The lawsuit seeks a court order declaring NAAG is subject to the accountability requirements of the Montana Constitution and other state laws. The private association of attorneys general has amassed more than $100 million as its share of billions of dollars in multistate settlements with corporations. That growing war chest has drawn criticism from Republican AGs who say NAAG is engaging in a form of litigation finance by lending money to states to sue corporations and then making a return on that investment by collecting money for itself in settlements.
Knudsen threatened NAAG with a lawsuit in February, saying he would sue NAAG if it didn’t return Montana’s share of settlement money within 90 days.
Much of NAAG’s financial activities are shielded from public view. The Internal Revenue Service classified NAAG as “an instrumentality of the states” in a 1985 letter granting the organization tax-exempt status. But unlike most other nonprofits, NAAG doesn’t have to file annual financial reports with the IRS.
It has reported more than $100 million in restricted accounts funded by settlements negotiated by its member AGs.

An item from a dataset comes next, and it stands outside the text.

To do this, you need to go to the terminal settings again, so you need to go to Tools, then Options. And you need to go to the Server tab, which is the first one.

The Financial Services Fund and VW Settlement Fund stem from nationwide settlements, including $20 million VW gave to NAAG for “consumer protection oversight, training and enforcement.” NAAG-appointed committee members oversee the funds, but the Montana AG said financial details are unknown other than they include a roughly 20% allocation to foreign securities.

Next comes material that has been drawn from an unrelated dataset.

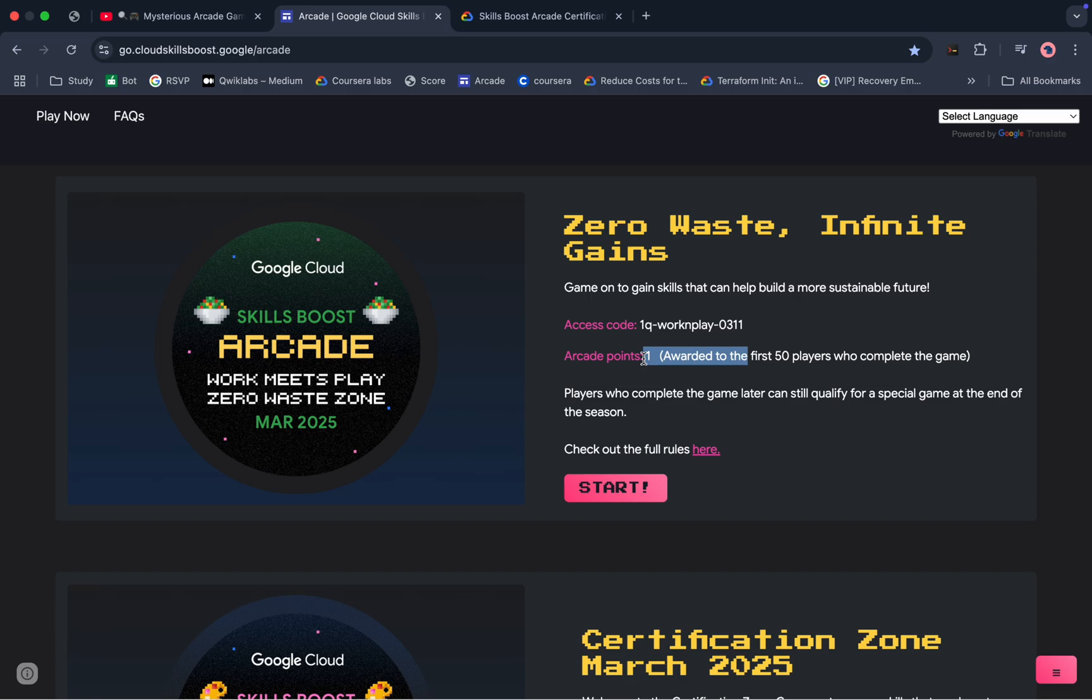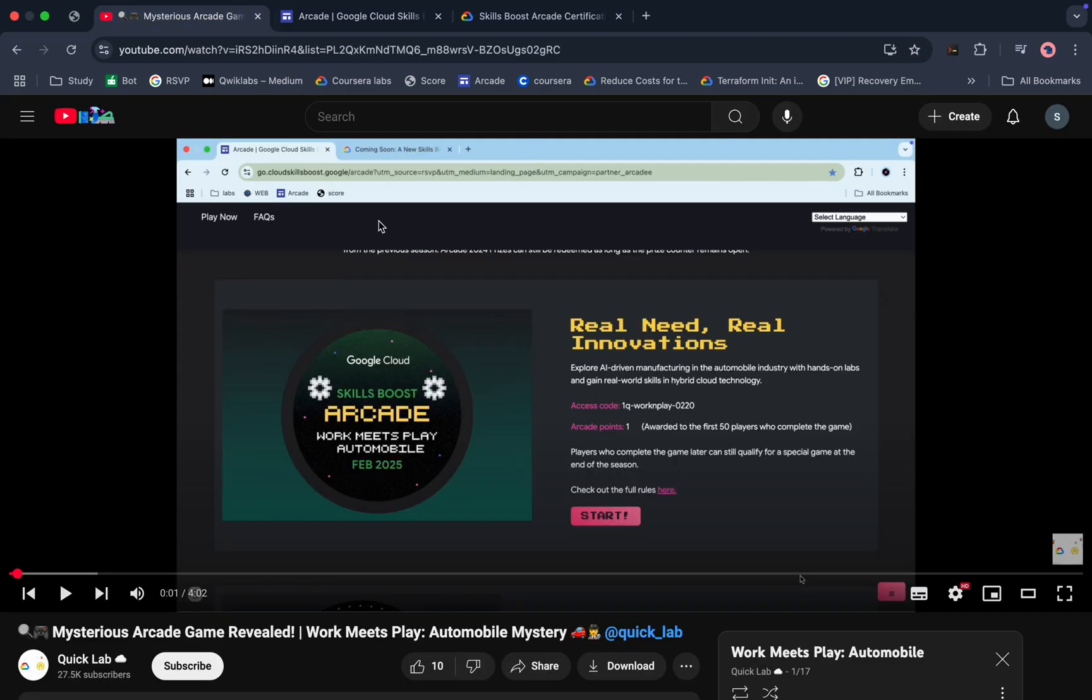For that, what I will recommend is please go and watch this particular video over here. I will share this video link in the description box. From there you can just watch and understand the rules for this particular game. If you ignore this game, then you will lose a chance to take part in the mysterious game which is going to be live in the last month of this arcade phase.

Montana law has strict rules governing how state money can be invested, AG Knudsen said in the lawsuit, and government departments can’t manage money themselves without permission of the legislature. All money managers must have offices in the state and are overseen by a state investment committee, the AG said.
It’s unclear whether NAAG allows returns to grow within the funds or distributes them to the parent organization, Montana said. What is known is NAAG extends litigation financing to the states and then collects a share of the proceeds when cases settle. NAAG extended $7 million in financing toward a multistate lawsuit against McKinsey & Co. over its opioid marketing activities and received $15 million from the settlement, for example.
“Returns from NAAG’s litigation finance model have far exceeded returns from traditional investments,” Montana said. In 2021, assets in its settlement-fueled restricted accounts grew 19% to $158 million.
As a nonprofit professional association of law enforcement officials, NAAG occupies an ill-defined space between government and private organizations. It began collecting a share of the money its members obtained in legal settlements in the late 1980s when it set up a “milk fund” to finance antitrust investigations after settling a case with milk producers in New York.
Since then NAAG’s balance sheet has expanded dramatically, including more than $100 million from the tobacco settlement, $11 million from VW and $15 million of a $573 million settlement of opioid clams against McKinsey.
Last year, a dozen state AGs called upon NAAG to return the money to the individual states, since it represents settlement dollars that belong to their respective state treasuries.
Former Arizona AG Mark Brnovich withdrew his state from NAAG in 2022, saying his office was focused on getting “restitution back to consumers.”